Sylvester sums on the Frobenius set in arithmetic progression with initial gaps

TL;DR

This paper derives explicit formulas for Sylvester sums, Frobenius numbers, and counts of nonrepresentable integers for sequences forming arithmetic progressions with initial gaps, expanding understanding of Frobenius problems in special cases.

Contribution

It provides new explicit formulas for Frobenius-related quantities for arithmetic progression sequences with initial gaps, a case previously lacking such formulas.

Findings

Explicit formulas for Sylvester sums and Frobenius numbers.

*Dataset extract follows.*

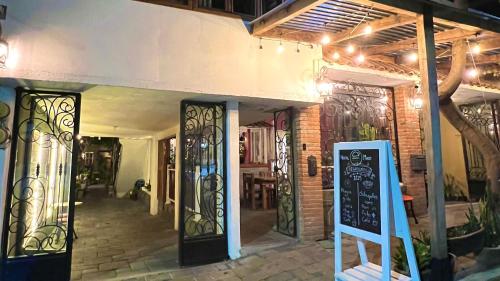 a restaurant with a sign in front of a building at Hostal Mago in Tlaxcala de Xicohténcatl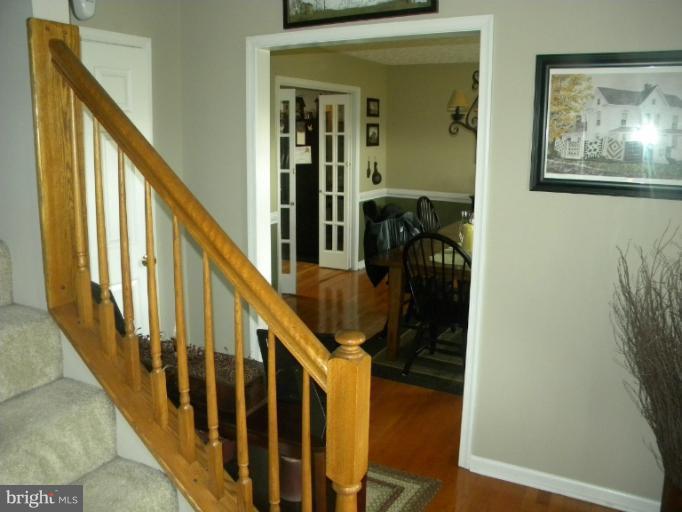 2930 Apple Pie Ridge Road Winchester, VA 22603 - Photo 10 of 24 a view of a hallway with wooden floor and stairs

Formulas applicable to sequences with initial gaps in arithmetic progressions.

Enhanced understanding of Frobenius problem in special sequence cases.

Abstract

Let $a_1,a_2,\dots,a_k$ be positive integers with $\gcd(a_1,a_2,\dots,a_k)=1$. Frobenius number is the largest positive integer that is NOT representable in terms of $a_1,a_2,\dots,a_k$. When $k\ge 3$, there is no explicit formula in general, but some formulae may exist for special sequences $a_1,a_2,\dots,a_k$, including, those forming arithmetic progressions and their modifications. In this paper we give explicit formulae for the sum of nonrepresentable positive integers (Sylvester sum) as well as Frobenius numbers and the number of nonrepresentable positive integers (Sylverster number) for $a_1,a_2,\dots,a_k$ forming arithmetic progressions with initial gaps.